### EXCERPTED DATA
****************************************

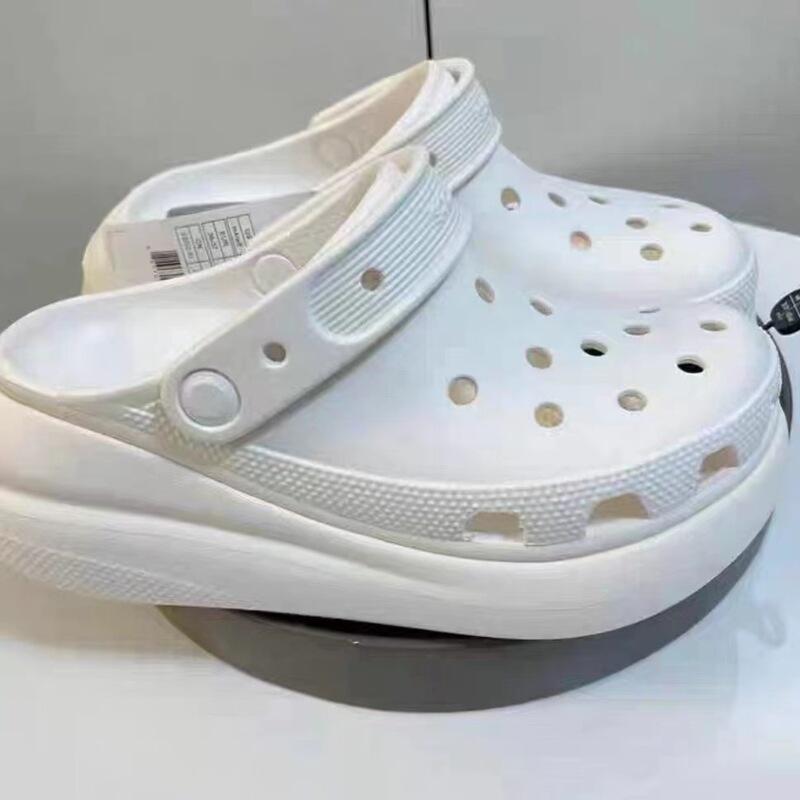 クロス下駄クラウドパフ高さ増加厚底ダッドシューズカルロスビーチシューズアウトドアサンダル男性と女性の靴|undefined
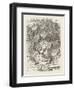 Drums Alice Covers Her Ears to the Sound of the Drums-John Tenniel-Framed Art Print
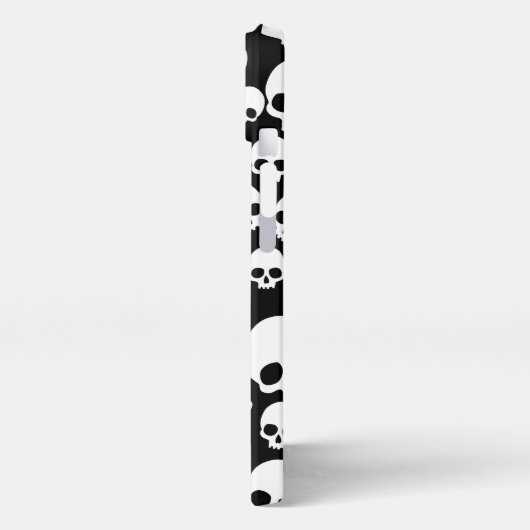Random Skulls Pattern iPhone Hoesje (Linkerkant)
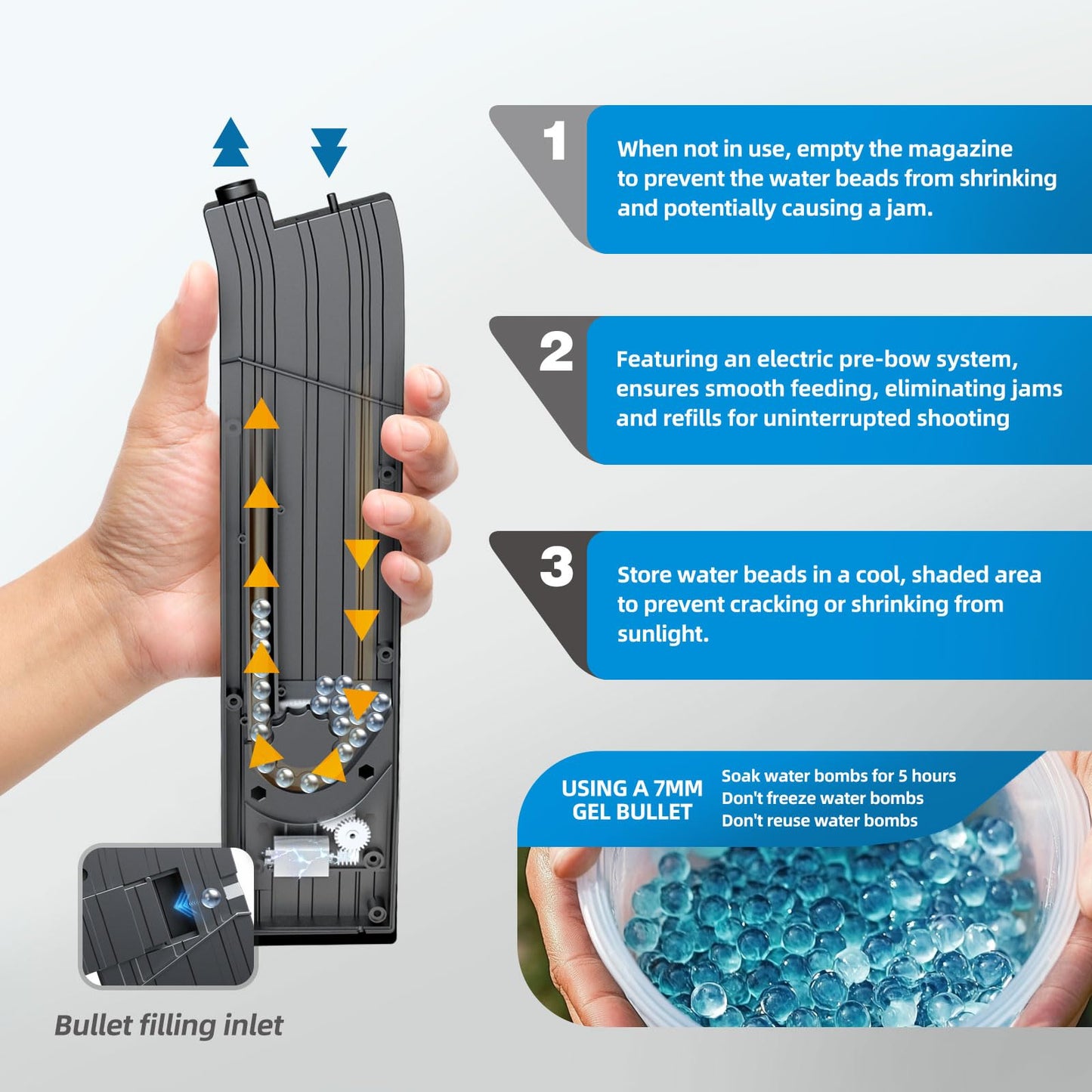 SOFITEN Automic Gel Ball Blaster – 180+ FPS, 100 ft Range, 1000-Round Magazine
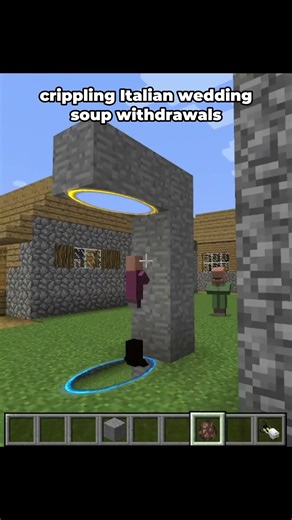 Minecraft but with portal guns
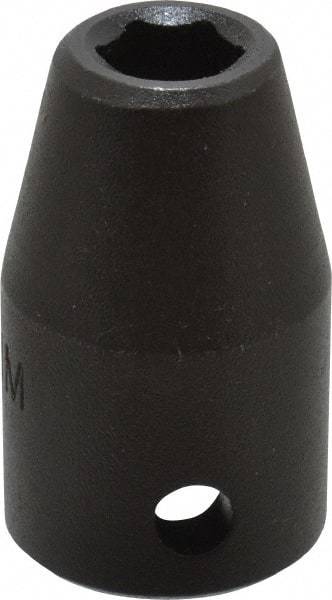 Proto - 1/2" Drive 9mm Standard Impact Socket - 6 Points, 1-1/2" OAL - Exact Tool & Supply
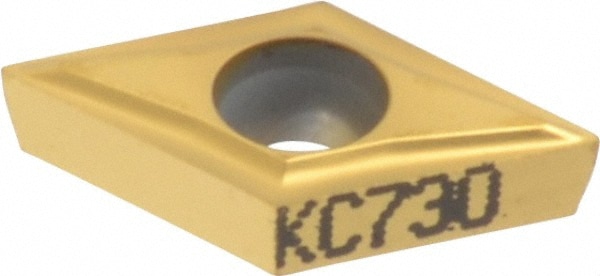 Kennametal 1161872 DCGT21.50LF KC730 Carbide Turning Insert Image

****************************************

### REQUIRED ACTION
Go back to the records above and write them out exactly, without the pictures.

### YOUR RESPONSE
 クロス下駄クラウドパフ高さ増加厚底ダッドシューズカルロスビーチシューズアウトドアサンダル男性と女性の靴|undefined
 Drums Alice Covers Her Ears to the Sound of the Drums-John Tenniel-Framed Art Print
Random Skulls Pattern iPhone Hoesje (Linkerkant)
 SOFITEN Automic Gel Ball Blaster – 180+ FPS, 100 ft Range, 1000-Round Magazine
 Minecraft but with portal guns
 Proto - 1/2" Drive 9mm Standard Impact Socket - 6 Points, 1-1/2" OAL - Exact Tool & Supply
 Kennametal 1161872 DCGT21.50LF KC730 Carbide Turning Insert Image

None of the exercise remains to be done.